● **GIVEN RECORDS**:
────────

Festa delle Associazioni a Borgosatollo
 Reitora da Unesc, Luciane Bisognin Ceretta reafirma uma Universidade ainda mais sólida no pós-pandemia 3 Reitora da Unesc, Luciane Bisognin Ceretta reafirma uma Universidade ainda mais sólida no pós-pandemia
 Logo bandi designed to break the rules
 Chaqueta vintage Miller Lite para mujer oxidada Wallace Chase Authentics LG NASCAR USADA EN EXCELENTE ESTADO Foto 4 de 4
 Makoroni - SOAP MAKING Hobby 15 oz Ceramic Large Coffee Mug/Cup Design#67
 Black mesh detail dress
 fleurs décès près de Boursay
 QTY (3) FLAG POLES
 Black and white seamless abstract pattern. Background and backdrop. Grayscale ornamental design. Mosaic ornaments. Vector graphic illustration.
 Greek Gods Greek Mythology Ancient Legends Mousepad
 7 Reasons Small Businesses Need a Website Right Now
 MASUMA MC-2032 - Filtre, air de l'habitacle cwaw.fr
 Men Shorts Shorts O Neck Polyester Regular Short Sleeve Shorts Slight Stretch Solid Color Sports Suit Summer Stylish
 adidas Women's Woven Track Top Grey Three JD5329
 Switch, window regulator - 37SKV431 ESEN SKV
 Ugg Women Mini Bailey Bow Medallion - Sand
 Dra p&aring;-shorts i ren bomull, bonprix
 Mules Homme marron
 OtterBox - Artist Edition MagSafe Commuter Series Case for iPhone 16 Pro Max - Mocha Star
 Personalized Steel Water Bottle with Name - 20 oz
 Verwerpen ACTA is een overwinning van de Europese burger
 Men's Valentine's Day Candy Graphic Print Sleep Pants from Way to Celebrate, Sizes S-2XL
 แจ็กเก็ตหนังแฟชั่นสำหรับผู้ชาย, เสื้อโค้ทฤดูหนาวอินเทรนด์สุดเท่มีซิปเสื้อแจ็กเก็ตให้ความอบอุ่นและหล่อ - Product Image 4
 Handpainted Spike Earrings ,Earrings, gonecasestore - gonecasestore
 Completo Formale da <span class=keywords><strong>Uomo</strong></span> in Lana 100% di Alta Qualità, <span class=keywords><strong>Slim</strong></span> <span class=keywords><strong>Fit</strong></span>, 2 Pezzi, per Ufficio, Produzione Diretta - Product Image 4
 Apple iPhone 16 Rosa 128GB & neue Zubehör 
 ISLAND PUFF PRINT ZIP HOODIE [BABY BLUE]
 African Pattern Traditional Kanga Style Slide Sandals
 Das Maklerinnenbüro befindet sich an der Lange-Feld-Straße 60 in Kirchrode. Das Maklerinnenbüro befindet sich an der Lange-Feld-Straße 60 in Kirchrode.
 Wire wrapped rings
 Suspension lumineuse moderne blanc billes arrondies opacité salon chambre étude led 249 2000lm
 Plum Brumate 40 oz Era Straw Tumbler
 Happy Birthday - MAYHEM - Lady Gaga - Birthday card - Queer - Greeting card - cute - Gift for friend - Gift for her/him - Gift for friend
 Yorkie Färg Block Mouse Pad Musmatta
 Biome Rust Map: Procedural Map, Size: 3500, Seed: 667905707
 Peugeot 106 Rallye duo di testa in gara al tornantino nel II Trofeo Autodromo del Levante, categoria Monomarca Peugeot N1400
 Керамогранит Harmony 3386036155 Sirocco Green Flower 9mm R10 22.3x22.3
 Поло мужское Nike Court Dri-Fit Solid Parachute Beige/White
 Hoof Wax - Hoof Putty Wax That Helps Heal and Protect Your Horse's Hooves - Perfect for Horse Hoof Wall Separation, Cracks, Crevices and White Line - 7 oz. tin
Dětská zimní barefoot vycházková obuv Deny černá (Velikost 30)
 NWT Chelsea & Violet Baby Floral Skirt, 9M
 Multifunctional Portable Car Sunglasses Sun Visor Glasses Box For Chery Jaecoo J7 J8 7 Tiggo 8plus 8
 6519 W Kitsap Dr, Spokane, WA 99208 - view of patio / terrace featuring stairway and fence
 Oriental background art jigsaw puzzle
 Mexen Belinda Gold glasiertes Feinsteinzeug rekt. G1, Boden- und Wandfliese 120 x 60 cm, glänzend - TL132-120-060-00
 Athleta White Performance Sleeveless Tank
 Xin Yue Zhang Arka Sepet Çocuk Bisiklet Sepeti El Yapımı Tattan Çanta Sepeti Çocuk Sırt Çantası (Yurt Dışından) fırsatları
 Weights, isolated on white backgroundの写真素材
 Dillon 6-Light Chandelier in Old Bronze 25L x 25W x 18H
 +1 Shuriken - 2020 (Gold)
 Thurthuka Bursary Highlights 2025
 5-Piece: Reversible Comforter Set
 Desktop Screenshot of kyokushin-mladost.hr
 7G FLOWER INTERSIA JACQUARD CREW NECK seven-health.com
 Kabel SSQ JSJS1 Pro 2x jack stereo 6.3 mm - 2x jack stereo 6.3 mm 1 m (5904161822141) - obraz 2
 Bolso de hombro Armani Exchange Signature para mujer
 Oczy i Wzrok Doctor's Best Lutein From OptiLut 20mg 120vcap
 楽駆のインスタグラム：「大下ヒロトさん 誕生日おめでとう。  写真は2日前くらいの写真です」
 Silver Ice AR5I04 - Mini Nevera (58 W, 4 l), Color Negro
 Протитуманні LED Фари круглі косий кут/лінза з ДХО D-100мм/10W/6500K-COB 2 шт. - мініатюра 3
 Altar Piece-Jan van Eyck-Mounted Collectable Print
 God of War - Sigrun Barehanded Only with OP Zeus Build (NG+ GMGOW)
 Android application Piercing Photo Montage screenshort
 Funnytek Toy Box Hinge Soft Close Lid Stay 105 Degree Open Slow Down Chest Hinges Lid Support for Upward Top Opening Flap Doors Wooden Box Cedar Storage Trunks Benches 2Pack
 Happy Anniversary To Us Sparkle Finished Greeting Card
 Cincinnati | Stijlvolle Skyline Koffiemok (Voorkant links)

────────

● **WHAT IS BEING ASKED**:
Of all the entries above, repeat only the lines from the line that has "Mules Homme marron" to the line that has "Wire wrapped rings", both lines included, exactly.

● **RESPONSE TO THE TASK**:
 Mules Homme marron
 OtterBox - Artist Edition MagSafe Commuter Series Case for iPhone 16 Pro Max - Mocha Star
 Personalized Steel Water Bottle with Name - 20 oz
 Verwerpen ACTA is een overwinning van de Europese burger
 Men's Valentine's Day Candy Graphic Print Sleep Pants from Way to Celebrate, Sizes S-2XL
 แจ็กเก็ตหนังแฟชั่นสำหรับผู้ชาย, เสื้อโค้ทฤดูหนาวอินเทรนด์สุดเท่มีซิปเสื้อแจ็กเก็ตให้ความอบอุ่นและหล่อ - Product Image 4
 Handpainted Spike Earrings ,Earrings, gonecasestore - gonecasestore
 Completo Formale da <span class=keywords><strong>Uomo</strong></span> in Lana 100% di Alta Qualità, <span class=keywords><strong>Slim</strong></span> <span class=keywords><strong>Fit</strong></span>, 2 Pezzi, per Ufficio, Produzione Diretta - Product Image 4
 Apple iPhone 16 Rosa 128GB & neue Zubehör 
 ISLAND PUFF PRINT ZIP HOODIE [BABY BLUE]
 African Pattern Traditional Kanga Style Slide Sandals
 Das Maklerinnenbüro befindet sich an der Lange-Feld-Straße 60 in Kirchrode. Das Maklerinnenbüro befindet sich an der Lange-Feld-Straße 60 in Kirchrode.
 Wire wrapped rings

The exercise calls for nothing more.